I miei creditori sono di diversi tipi: Agenzia delle Entrate Riscossione, Inps, fornitori, dipendenti, American Express eccetera. Per ora in solo grosso fornitore ha pignorato per 7000 euro il mio unico conto personale vuoto.

Sempre nel 2016 vista la prevista chiusura della prima attività ho ceduto il ramo d’azienda in affitto ad una Srls con me socia all’1% e amministratore unico e mio marito al 99% con il quale sono in divisione dei beni. Ho vissuto come una persona normale finora mantenuta dai ricavi di mio marito. Ora, a seguito del licenziamento di alcuni dipendenti mi ritrovo a dover pagare 4 buste paga con relativi Tfr ferie contributi ect. per una cifra che non posso pagare oltre a 20 mila euro di Iva che avrei dovuto poi rateizzare.

Ho deciso pertanto di disdire l’affitto d’azienda.

Nel frattempo ho trovato chi si riprenderebbe il negozio in affitto d’azienda e mi corrisponderebbe 750 euro lordi di affitto d’azienda oltre che assumermi con uno stipendio part time di circa 600 euro essendo io in possesso della qualifica necessaria per tenere aperto.

So che in caso di pignoramento del conto dovranno lasciare 1374 euro e fin lì è facile, li ritiro mensilmente.

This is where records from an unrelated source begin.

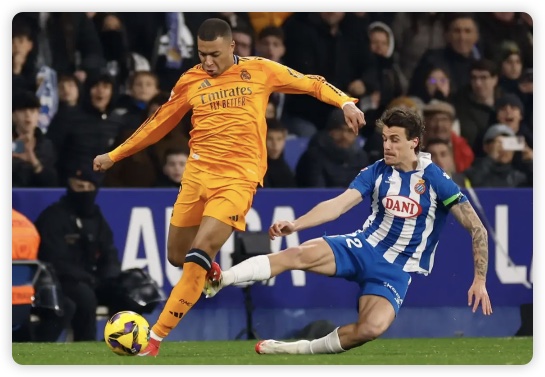 维尼修斯进球被吹姆巴佩中柱 皇马0-1西班牙人 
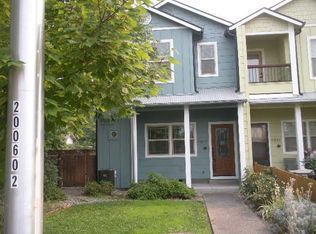 1015 SE Park Plaza Dr, Grants Pass, OR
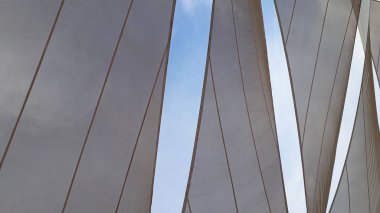 Güneş kapak ve gölgelerle üçgen şekiller yapmak için kumaşlar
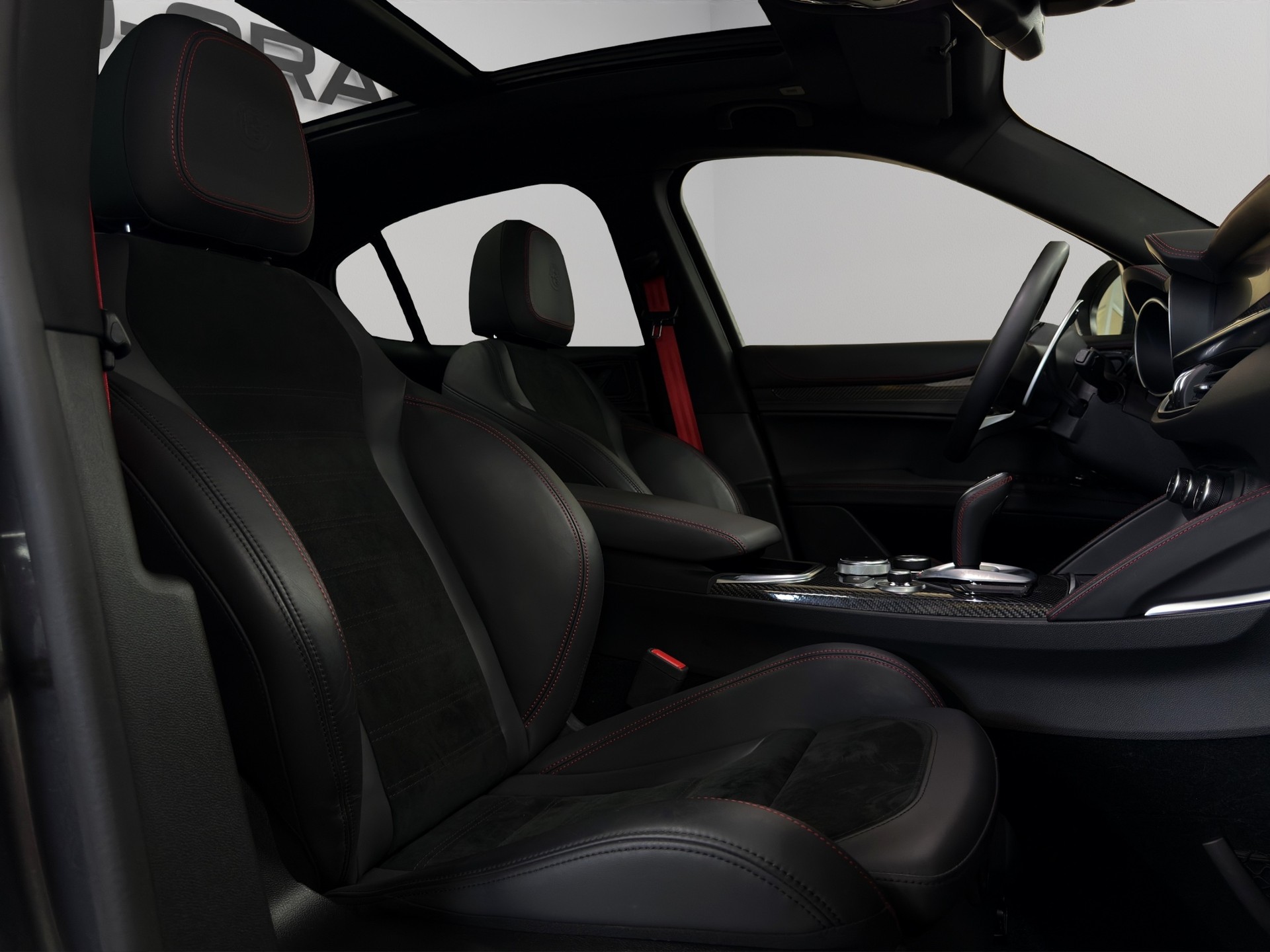 ALFA ROMEO Stelvio 2.9 V6 Quadrifoglio Q4 Automatic-image-13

Per quello che riguarda lo stipendio e l’affitto d’azienda invece per un totale di 1350 (che poi i 750 sono ancora da tassare) quanto al massimo potranno pignorarmi tramite il datore di lavoro/affittuario come cifra totale considerando che potrebbero agire diverse categorie di creditori?

Cogliamo l’occasione per fare una piccola precisazione, anche se assolutamente irrilevante nel contesto del quesito: in caso di pignoramento del conto corrente del debitore escusso, su cui afferisce lo stipendio mensile, può essere prelevato dall’ultimo stipendio accreditato prima della notifica dell’atto di pignoramento, solo la parte che eccede il triplo dell’importo massimo dell’assegno sociale. Nel 2019 il triplo dell’assegno sociale è pari a 1.374 euro circa. Ciò tuttavia, non vuol dire che deve essere sempre lasciata nella disponibilità del debitore sottoposto ad azione esecutiva una somma pari a 1.374 euro: se la busta paga accreditata sul conto corrente è di 750 euro, sul conto corrente dovranno essere lasciati 750 euro soltanto; se la busta paga accreditata è di cinquemila euro, allora il saldo del conto corrente del debitore escusso non potrà essere inferiore a 1.374 euro.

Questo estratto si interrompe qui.